- [Material supplied]

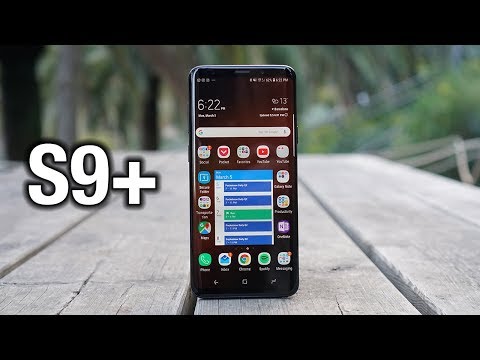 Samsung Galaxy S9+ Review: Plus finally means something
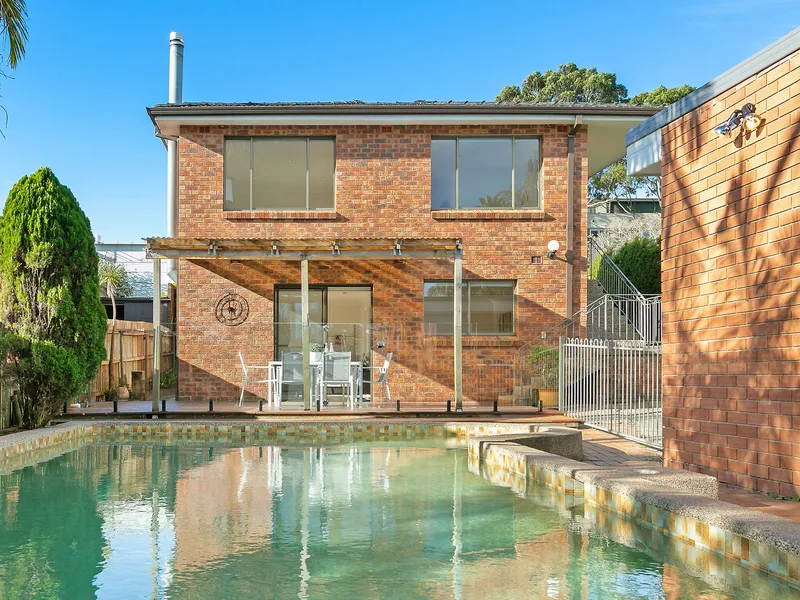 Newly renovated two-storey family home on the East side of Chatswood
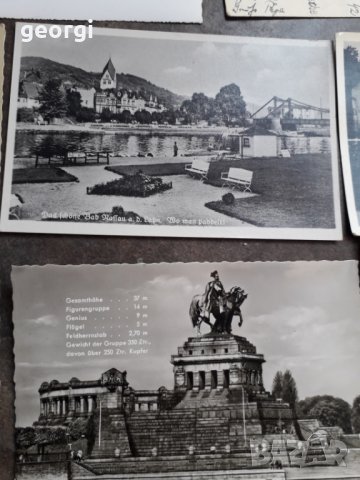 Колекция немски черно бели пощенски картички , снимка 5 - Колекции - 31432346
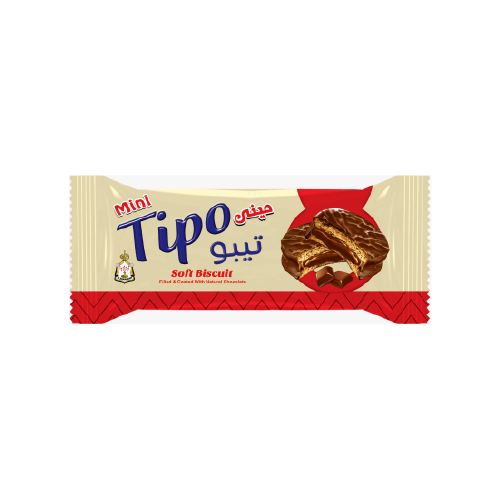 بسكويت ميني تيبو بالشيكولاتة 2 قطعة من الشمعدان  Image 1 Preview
--
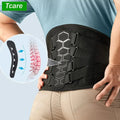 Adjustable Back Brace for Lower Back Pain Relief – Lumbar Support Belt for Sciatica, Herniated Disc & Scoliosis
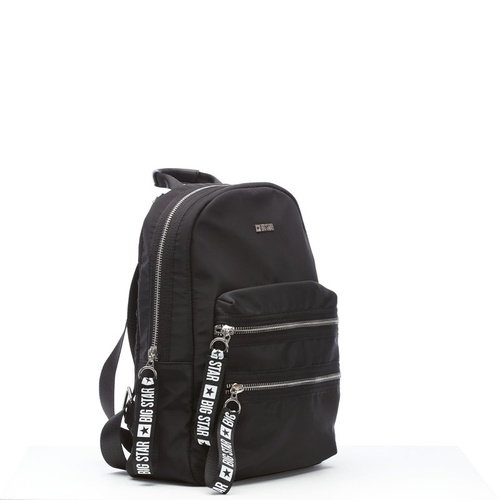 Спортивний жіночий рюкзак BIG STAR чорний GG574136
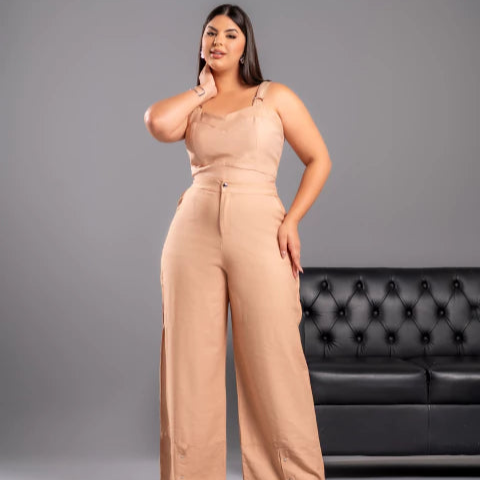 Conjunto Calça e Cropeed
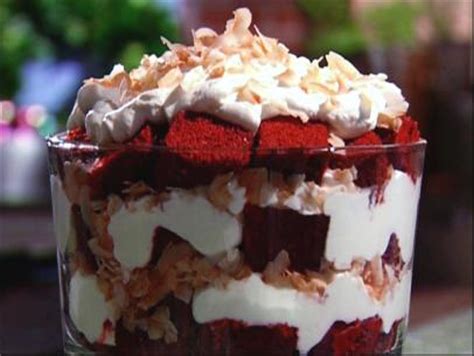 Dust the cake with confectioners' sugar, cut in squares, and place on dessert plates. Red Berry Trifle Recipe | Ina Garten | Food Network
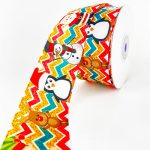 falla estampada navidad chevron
==
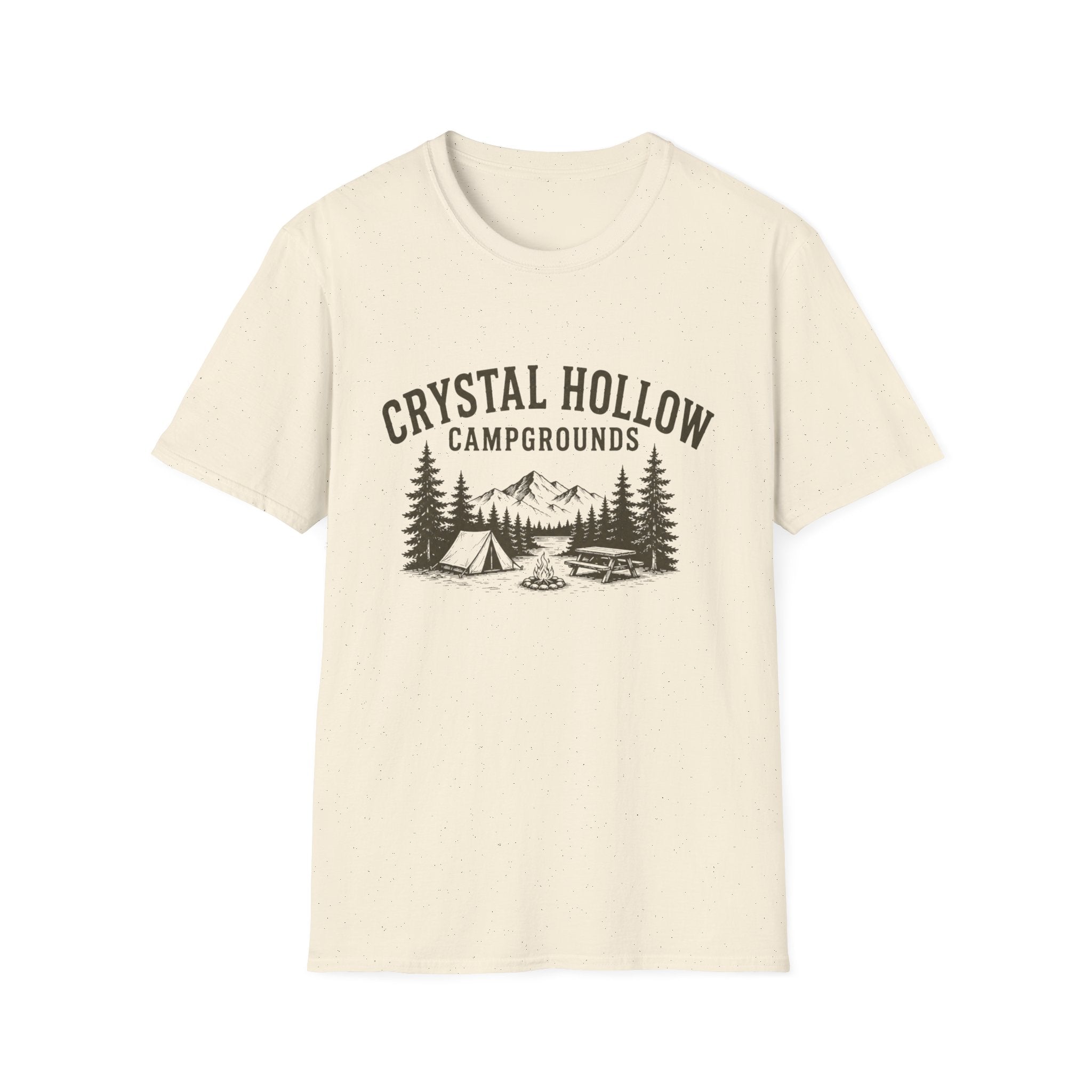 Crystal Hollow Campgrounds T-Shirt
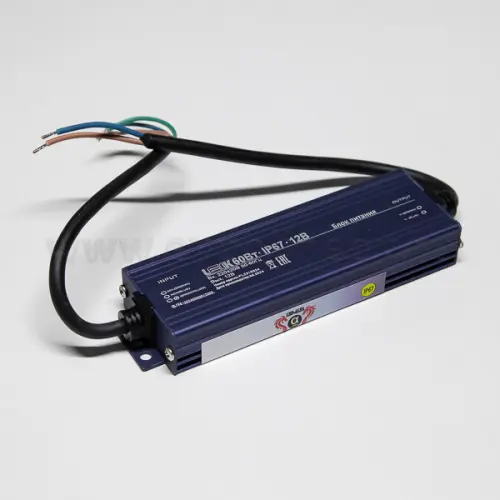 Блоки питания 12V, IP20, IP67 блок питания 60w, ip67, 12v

- [How to complete this task]
Copy the lines above exactly, starting with the line that contains "Колекция немски черно" and ending with the line that contains "بسكويت ميني تيبو", and leave out any pictures.

- [Expected output]
 Колекция немски черно бели пощенски картички , снимка 5 - Колекции - 31432346
 بسكويت ميني تيبو بالشيكولاتة 2 قطعة من الشمعدان  Image 1 Preview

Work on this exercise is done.